WHAT IS REQUIRED: Starting at the line that contains "A room with", copy every line to the end of the material below exactly, and omit the pictures.

SOURCE DATA:
+===+

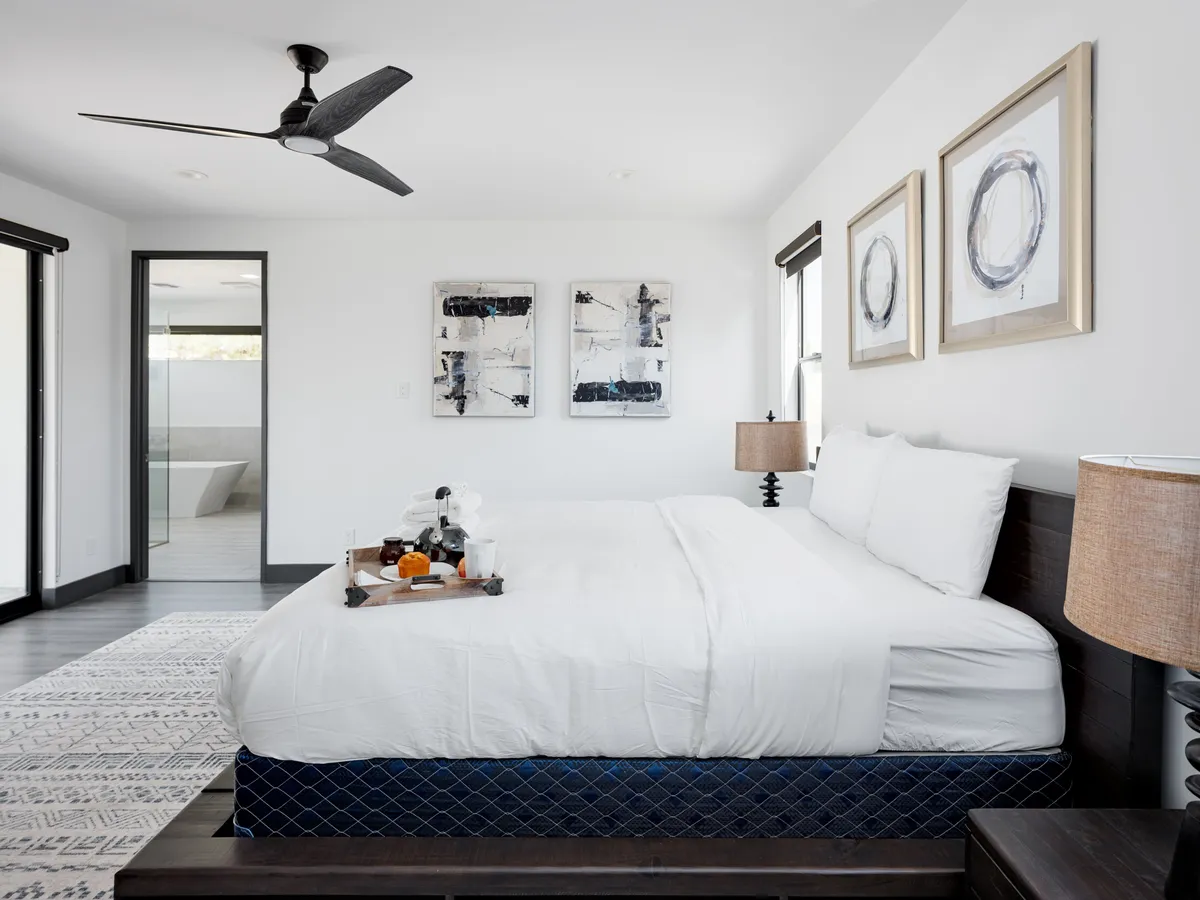A serene bedroom featuring a large bed with crisp white linens, decorative paintings on the wall, nightstands with lamps, and an open doorway leading to an en-suite bathroom. Natural light bathes the room, emphasizing its tranquil ambiance and sophisticated decor.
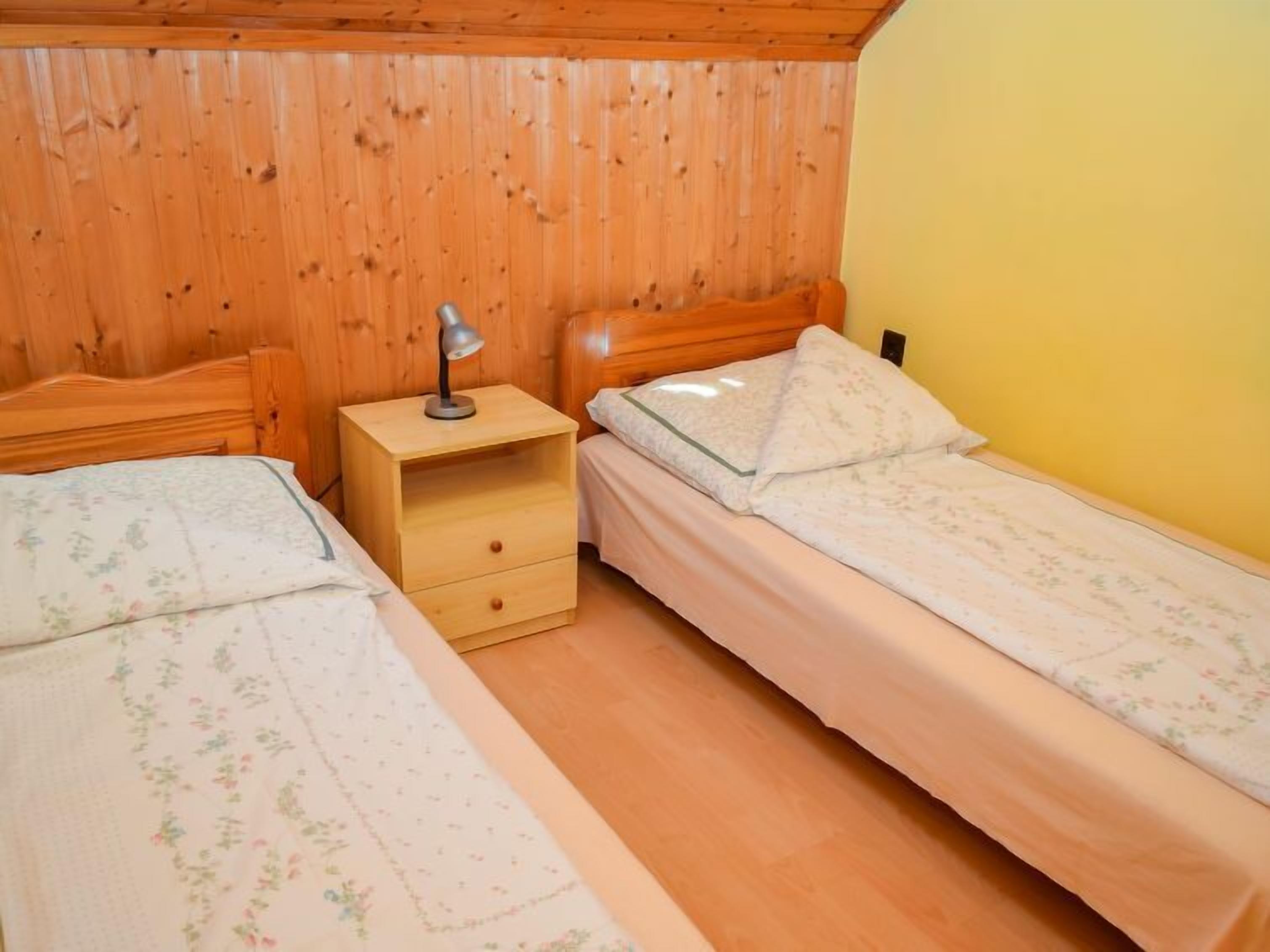 A room with two single beds, wooden headboards, a nightstand with a lamp, and a yellow wall.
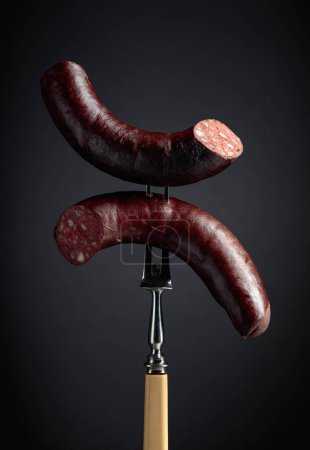 Photo for Black pudding or blood sausage on a black background.. - Royalty Free Image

+===+

ANSWER SPACE:
 A room with two single beds, wooden headboards, a nightstand with a lamp, and a yellow wall.
 Photo for Black pudding or blood sausage on a black background.. - Royalty Free Image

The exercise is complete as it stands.